Maurizio, raccontami la storia della vostra famiglia dall’Ottocento a oggi.
Con mio figlio Claudio siamo alla sesta generazione. La storia è iniziata con il padre del mio bisnonno che non era proprio un pizzaiolo ma si cimentava nel preparare la pizza. Lui faceva il “pizzicagnolo” che, all’epoca – fine Ottocento – vendeva salumi e pezzi di pizza.

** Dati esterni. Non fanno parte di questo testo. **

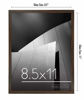 Picture of Americanflat 8.5x11 Picture Frame with Shatter-Resistant Glass - Streamline Collection - Thin Border Photo Frame for Wall and Tabletop Display - Hanging Hardware and Easel Back Included - Walnut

La nostra famiglia, originariamente Dello Buono, poi divenuta Del Buono a causa di un’errata trascrizione all’anagrafe, è legata a quel Generoso Dello Buono che dichiarò Umberto Dello Buono figlio suo e di una Mattozzi, nome che a Napoli è fortemente legato all’imprenditoria legata alla pizzeria e alla ristorazione tradizionale.
Nel Novecento nacque Generoso, figlio di Umberto, anche lui dichiarato con la testimonianza di un Mattozzi. È proprio con loro che nasce la mia storia, nel 1903, quando il mio bisnonno mise mio nonno a lavorare presso di loro nella pizzeria Mattozzi di Piazza Carità (ancora oggi attiva ma di proprietà della altrettanto celebre famiglia Surace, ndr). Poi mio nonno si trasferì a Secondigliano e da quel momento siamo qui.
Ricordi la prima pizza che hai preparato?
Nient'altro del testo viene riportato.